**The task**
Where a line contains the word "Kids", copy that line from the records below.

**Input**
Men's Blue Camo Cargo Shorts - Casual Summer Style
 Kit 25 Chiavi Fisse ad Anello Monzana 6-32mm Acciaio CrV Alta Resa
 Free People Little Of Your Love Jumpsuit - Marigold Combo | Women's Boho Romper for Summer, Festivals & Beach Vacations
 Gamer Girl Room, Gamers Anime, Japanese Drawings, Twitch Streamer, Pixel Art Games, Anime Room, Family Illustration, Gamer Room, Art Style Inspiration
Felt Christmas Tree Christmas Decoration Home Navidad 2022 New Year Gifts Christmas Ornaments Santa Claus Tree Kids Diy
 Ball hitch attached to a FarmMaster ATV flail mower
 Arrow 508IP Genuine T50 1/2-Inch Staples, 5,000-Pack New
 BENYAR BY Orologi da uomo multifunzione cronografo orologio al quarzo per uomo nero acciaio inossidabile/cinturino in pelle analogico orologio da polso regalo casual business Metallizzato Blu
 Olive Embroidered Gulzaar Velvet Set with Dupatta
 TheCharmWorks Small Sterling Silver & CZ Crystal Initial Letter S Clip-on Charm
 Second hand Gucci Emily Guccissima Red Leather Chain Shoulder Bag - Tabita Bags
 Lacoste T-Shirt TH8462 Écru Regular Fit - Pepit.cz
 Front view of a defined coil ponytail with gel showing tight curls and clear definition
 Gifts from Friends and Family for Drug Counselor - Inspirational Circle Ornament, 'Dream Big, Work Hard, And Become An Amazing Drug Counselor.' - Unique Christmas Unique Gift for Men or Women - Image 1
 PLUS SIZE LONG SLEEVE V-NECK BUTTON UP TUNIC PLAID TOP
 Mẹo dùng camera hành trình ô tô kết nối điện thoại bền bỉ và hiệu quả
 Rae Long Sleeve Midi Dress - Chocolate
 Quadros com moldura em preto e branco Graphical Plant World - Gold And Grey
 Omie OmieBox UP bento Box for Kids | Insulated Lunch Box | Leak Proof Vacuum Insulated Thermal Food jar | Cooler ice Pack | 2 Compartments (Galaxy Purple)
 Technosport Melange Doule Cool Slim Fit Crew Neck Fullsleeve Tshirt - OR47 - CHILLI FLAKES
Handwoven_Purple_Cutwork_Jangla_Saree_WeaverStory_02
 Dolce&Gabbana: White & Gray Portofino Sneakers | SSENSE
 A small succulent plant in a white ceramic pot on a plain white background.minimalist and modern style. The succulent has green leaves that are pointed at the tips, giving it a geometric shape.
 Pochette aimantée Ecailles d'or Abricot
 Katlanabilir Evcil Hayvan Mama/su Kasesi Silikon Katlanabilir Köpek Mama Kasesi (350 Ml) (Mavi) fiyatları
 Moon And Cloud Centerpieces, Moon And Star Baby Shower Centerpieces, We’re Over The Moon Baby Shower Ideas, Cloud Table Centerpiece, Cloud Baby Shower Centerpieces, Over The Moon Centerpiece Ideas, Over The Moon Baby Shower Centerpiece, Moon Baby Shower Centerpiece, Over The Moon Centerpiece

**Response**
Felt Christmas Tree Christmas Decoration Home Navidad 2022 New Year Gifts Christmas Ornaments Santa Claus Tree Kids Diy
 Omie OmieBox UP bento Box for Kids | Insulated Lunch Box | Leak Proof Vacuum Insulated Thermal Food jar | Cooler ice Pack | 2 Compartments (Galaxy Purple)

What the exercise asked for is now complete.